Although not always as intrusively noticeable as in the sound of the coins in Untitled (2012), many of Hiorns’s sculptures are constantly in motion. In the same room, the foam emanating from the top of the hanging skin-coloured ceramic vessels in Untitled (2009) and the stainless steel ones in Untitled (2012) gradually climbs towards the ceiling. As it grows, it forms a soft, white column that, confronted with its own limitations of size and gravity, eventually falls to the floor – after which the process starts all over again. The formless foam rejects any specific given shape, and instead behaves according to its own properties. A similar process, although even slower and less detectable, occurs in Hiorns’s copper sulphate covered engines (both Untitled 2011) also on view. The sulphate creates a mesmerizing surface of blue crystals that on a microscopic level never stops expanding.
One could rationalize the contrasting combinations of materials in Hiorns’s works didactically: the airplane engines perhaps represent modern technology and the human conquest over nature by flight, while his use of brain matter in other works could suggest the elusive location of thoughts and emotions. But this, in my opinion, does not do the works justice. Taken at face value, the works show the mysterious and living side of objects. They refer to passing moments, like ancient traces of humanity that slowly disappear due to the everlasting powers of nature and time. They open up a world of introspective wondering about transformations so slow but determined and unstoppable, like a glacier moving through a landscape, with its movement defining something as grand as the Earth itself.
By overlaying objects with natural processes, Hiorns manages to isolate them, withdrawing himself from the process of creation and bringing the aesthetic qualities of the materials to the fore. Hiorns’s objects seem to live by themselves and to take no account of their surroundings, yet somehow this isolation of the unbounded makes them even more present to the viewer.

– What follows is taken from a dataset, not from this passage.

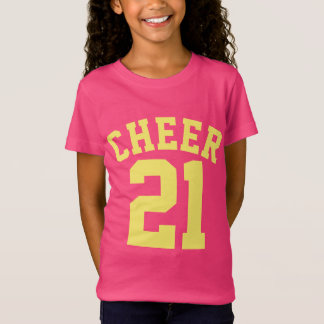 Hot-roze en geel Kind | Sport Jersey Design T-shirt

In the monumental exhibition space on the first floor of De Hallen, several found objects, such as a park bench, an engine, and a dissecting table have been sparely installed. From time to time, a young man – naked – sits on top of them and looks at a small fire until the fire dies out. Notwithstanding the everyday nature of the objects on which this is taking place, the presence of fire binds them to the idea of ritual. Where in other works the subject, whether it is the maker or the viewer, has been removed from the object, these works imply a new kind of secular ritual that aims to reconnect the human body to the surroundings from which it has become so alienated.